__TASK PROMPT__
Before returning the data, strip out the pictures and keep everything else exactly the same.

── PROVIDED DATA ──

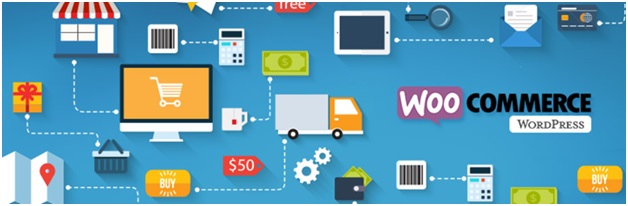 woocommerce for wordpress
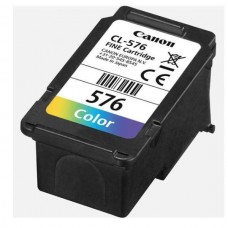 Canon - CL-576 - Color Ink Cartridge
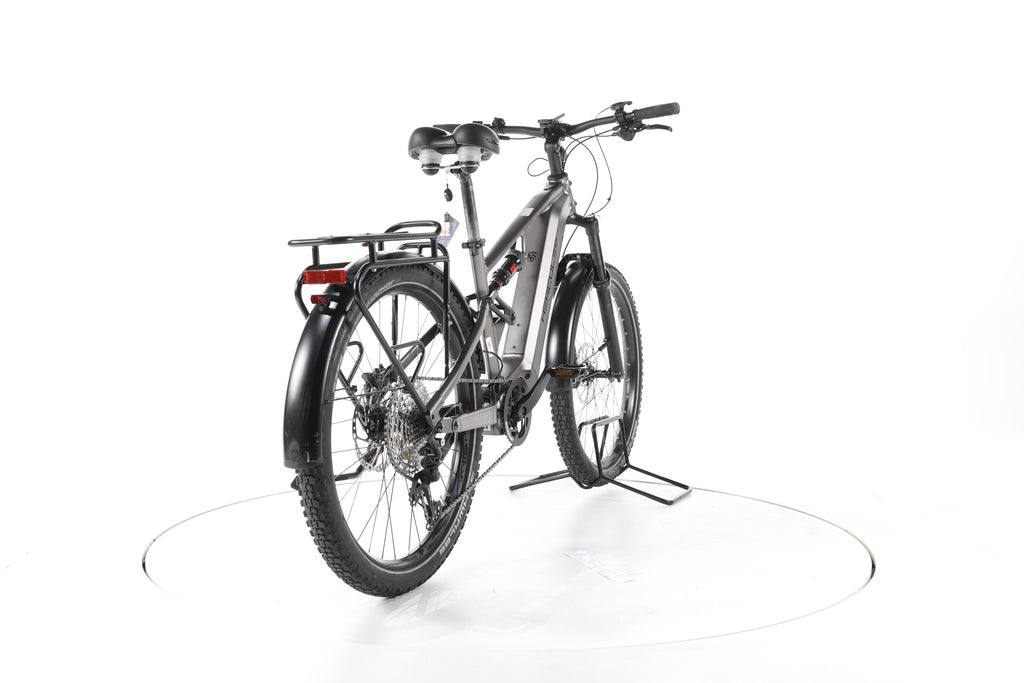 Hercules Nos FS 2.2 SUV E-Bike 2023 - Image 11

───

__SOLVED EXERCISE__
 woocommerce for wordpress
 Canon - CL-576 - Color Ink Cartridge
 Hercules Nos FS 2.2 SUV E-Bike 2023 - Image 11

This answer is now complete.